Many people were up and out on deck long before the wake-up call this morning and it was well worth it. It was a clear sunny morning as we sailed towards Damoy Point and with the sun rise making the tops of the snowy peaks glow pink and the moon setting behind the mountains it really was a stunning start.

At Damoy two snow shoe hikes of different length were being offered. Eduardo went with his group a shorter round down to the hut of Damoy bay, where under the historic hut Gentoo penguins found a cosy nesting site. The group enjoyed a break of several minutes silence, taking in the beauty and spirit of the Antarctic surrounding.
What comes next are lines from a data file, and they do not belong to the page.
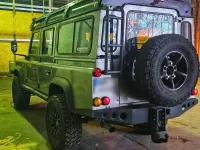 Gebraucht Land Rover Defender 500 PS (367 kW) 2006 Silber SUV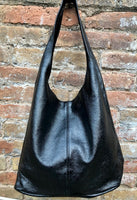 Slouch bag. Tote leather bag in black metallic leather with ZIPPER. Genuine leather. Black leather purse. Metallic leather shoulder bag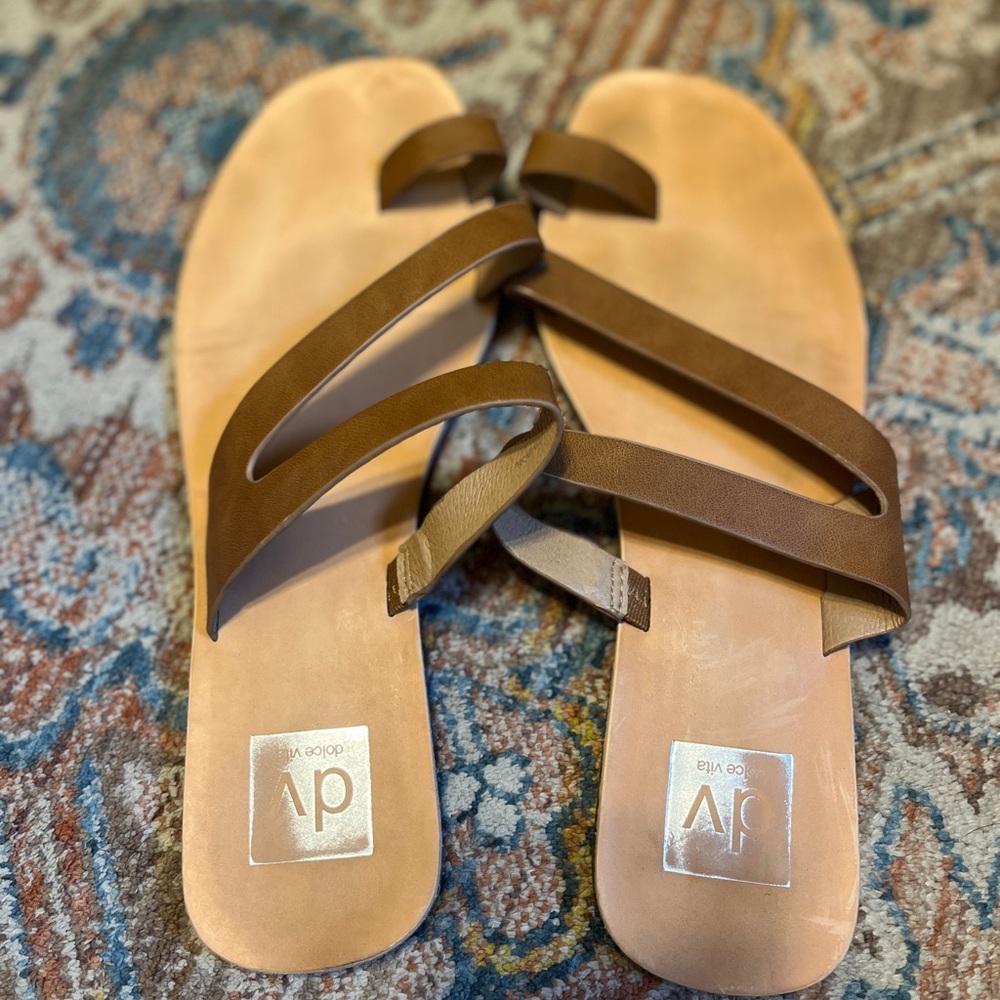 Dolce Vita Tan Sandals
Ali was leading the snow shoe hike up onto the long ridge overlooking the bay. This ridge used to be used as a ‘ski-way’ by the British Antarctic Survey from the 1950’s to the 1980’s. Staff would arrive by ship and then be flown by small twin otter planes, with skis attached, down to Rothera Base further south. From the top of the ski-way there were stunning views all around and we could look down into Port Lockroy where the cruise ship LÁustrale was anchored. The group walked to the point where the slope got steeper and then made their way back down the slope to Damoy hut. The Damoy Hut, at the bottom of the hill used to be the accommodation hut for passengers waiting to fly, especially if there was bad weather. This hut is now maintained as a little museum by the British Antarctic Heritage Trust. On the way back we passed Gentoo penguins on the higher rocky outcrops near the shore and then near the landing site. It was a lovely morning for a hike and both groups enjoyed the fantastic scenery, brilliant sunshine and moving through the snow.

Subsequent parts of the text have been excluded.